● **Data extracts**
--- START ---

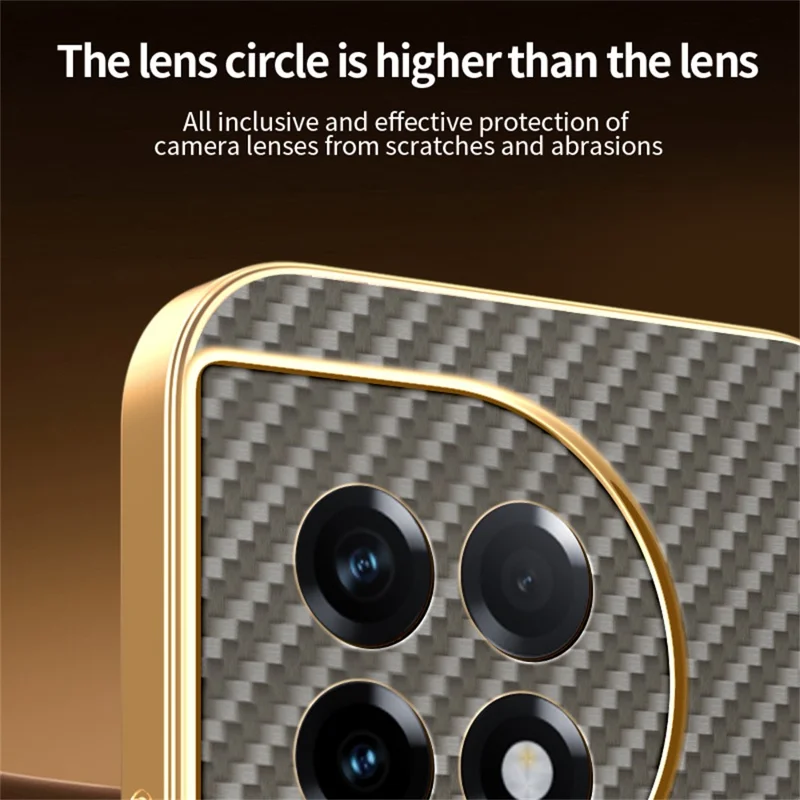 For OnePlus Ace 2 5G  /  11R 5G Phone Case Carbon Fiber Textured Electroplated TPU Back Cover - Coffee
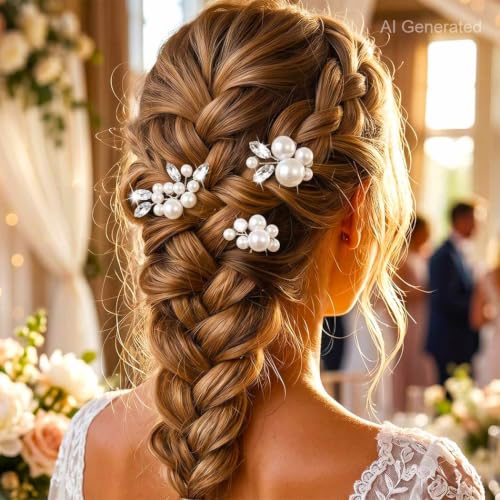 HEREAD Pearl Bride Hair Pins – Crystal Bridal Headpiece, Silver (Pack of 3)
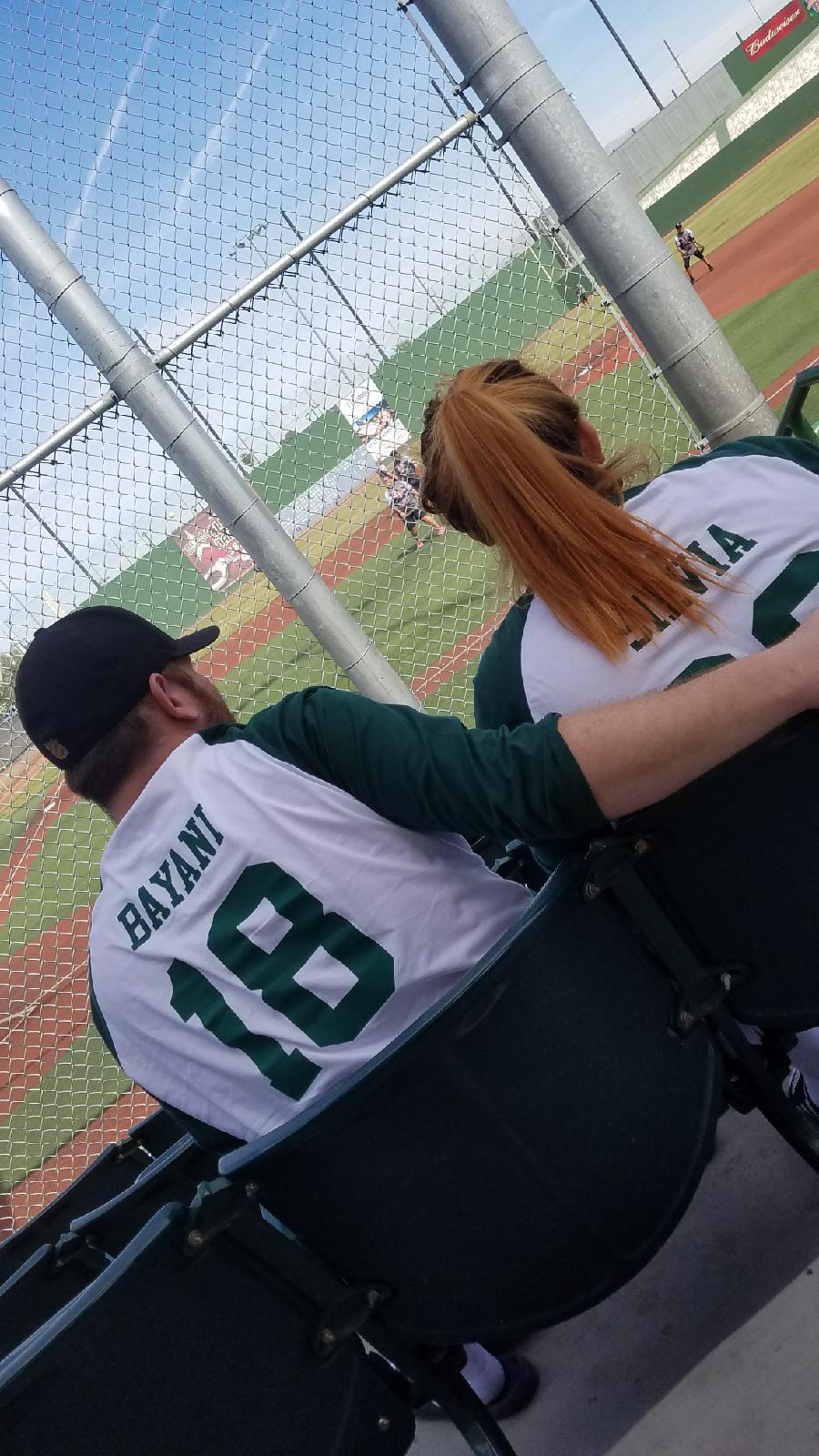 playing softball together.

--- END ---
--- START ---

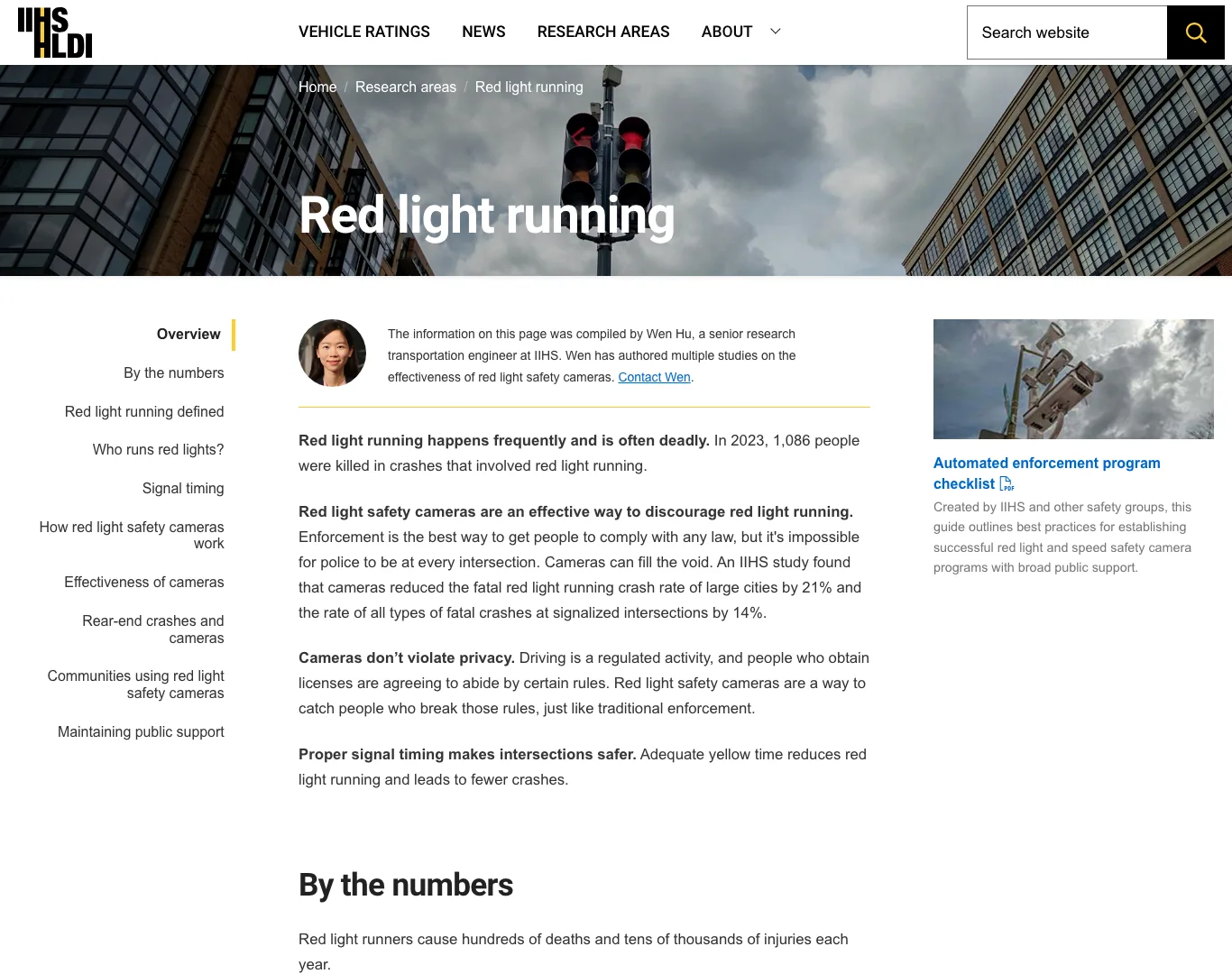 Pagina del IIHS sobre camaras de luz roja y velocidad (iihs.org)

--- END ---
--- START ---

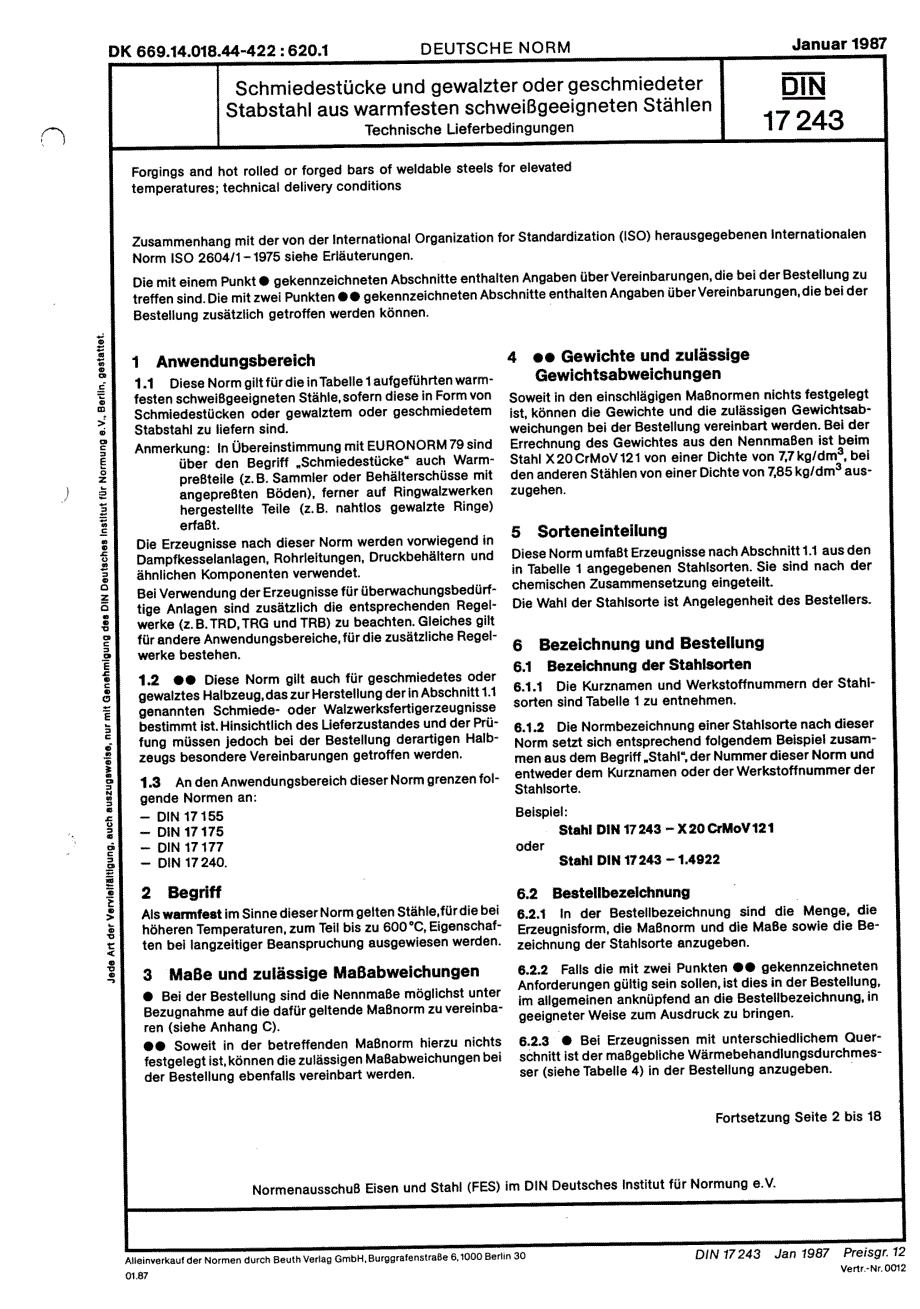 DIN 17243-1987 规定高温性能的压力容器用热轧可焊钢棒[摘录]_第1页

--- END ---

● **Exercise directions**
Extract, without any images, the part of the material above that opens with the line containing "For OnePlus Ace" and closes with the line containing "playing softball together.", both lines included.

● **Response**
 For OnePlus Ace 2 5G  /  11R 5G Phone Case Carbon Fiber Textured Electroplated TPU Back Cover - Coffee
 HEREAD Pearl Bride Hair Pins – Crystal Bridal Headpiece, Silver (Pack of 3)
 playing softball together.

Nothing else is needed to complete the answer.